Louisville fires Pitino 'with just cause' amid investigation

Oct 16, 2017 - 8:06 PM The University of Louisville's athletic board voted unanimously Monday to fire Rick Pitino as men's basketball head coach in the wake of an FBI investigation into fraud and corruption in college basketball.

The University of Louisville Athletic Association voted to terminate Pitino's contract "with just cause" despite an argument from Pitino's lawyers.
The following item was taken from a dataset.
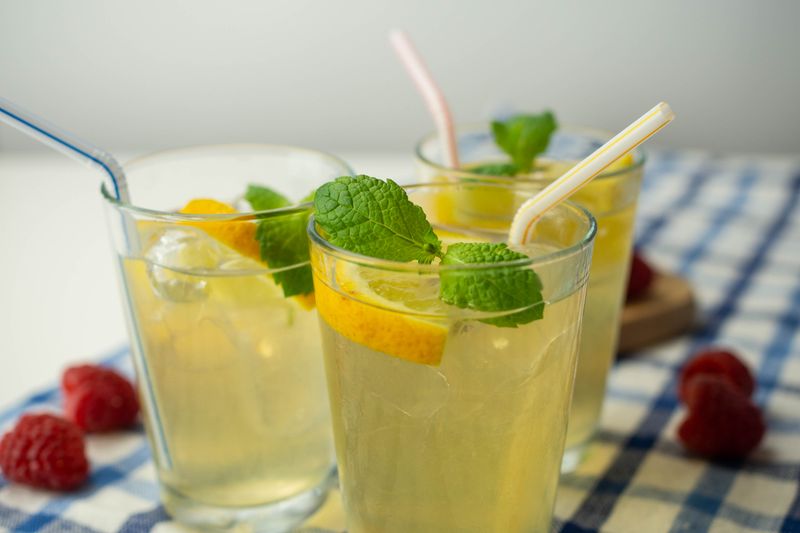 drink with lemon balm and lemon in glasses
The board voted unanimously two weeks ago to initiate the process of dismissing Pitino for cause.

The Hall of Fame coach was placed on unpaid administrative leave following a brief face-to-face meeting with interim president Gregory Postel on Sept. 27.

Postel made the announcement Monday, saying that Pitino's "actions and inactions" warranted his termination for cause.

"We felt our initial decision ... was in the best interest of the university," Postel said, referring to the board's vote to move forward with Pitino's termination. "We have to do what's best for the university."

Pitino, in an affidavit presented Monday to the athletics board, said he "had no part -- active, passive or through willful ignorance" in the activities alleged in an FBI investigation.

Pitino did not attend the meeting, but his lawyers submitted an affidavit on his behalf.

"I do not dispute ULAA's right to terminate my employment at its discretion," Pitino's affidavit stated. "But I vehemently reject its right to do so 'for cause.' I have given no 'cause' for termination of my contract."

The FBI announced on Sept. 26 that 10 men -- including four assistant coaches and a top Adidas executive -- were charged with crimes relating to the investigation.

Louisville announced the next day it was informed the university was a focal point of the FBI investigation.

Pitino repeatedly said he was not aware of the fraud and corruption charges that brought the FBI to the campus as part of a national probe launched by the United States Department of Justice.

The allegations against Louisville include payments of $100,000 to the family of an unnamed player to sign with the Cardinals. The player is believed to be five-star freshman Brian Bowen, who committed to Louisville in early June. Bowen was suspended indefinitely shortly after the FBI announced the results of the investigation.

One of the most successful college basketball coaches in history, Pitino, 65, was 416-143 in 16 seasons as Louisville head coach and is in the Naismith Memorial Basketball Hall of Fame with 770 career victories.

Already on probation for a scandal involving strippers and escorts entertaining recruits and other players in dorm rooms -- Pitino also said last year he was unaware of those actions -- the Louisville basketball program could face severe NCAA penalties depending on the outcome of the current investigation.

"I had no reason to know about the conspiracy described in the complaint, and no reason to know about the complicity of any UL assistant coach or staff member in any bribery conspiracy," Pitino said in the affidavit presented Monday to the Louisville athletic board.

"I never have had any part -- active, passive, or through willful ignorance -- in any effort, successful or unsuccessful, completed or abandoned, to pay any recruit, or any family member of a recruit, or anyone else on a recruit's behalf, as an inducement to attend UL."

Pitino reportedly stands to lose the $44 million remaining in salary and bonuses on his contract through the 2025-26 season since he was fired with cause. He was the highest paid coach in college basketball this year at $7.8 million, which includes a retention bonus and his personal Adidas contract, according to USA Today.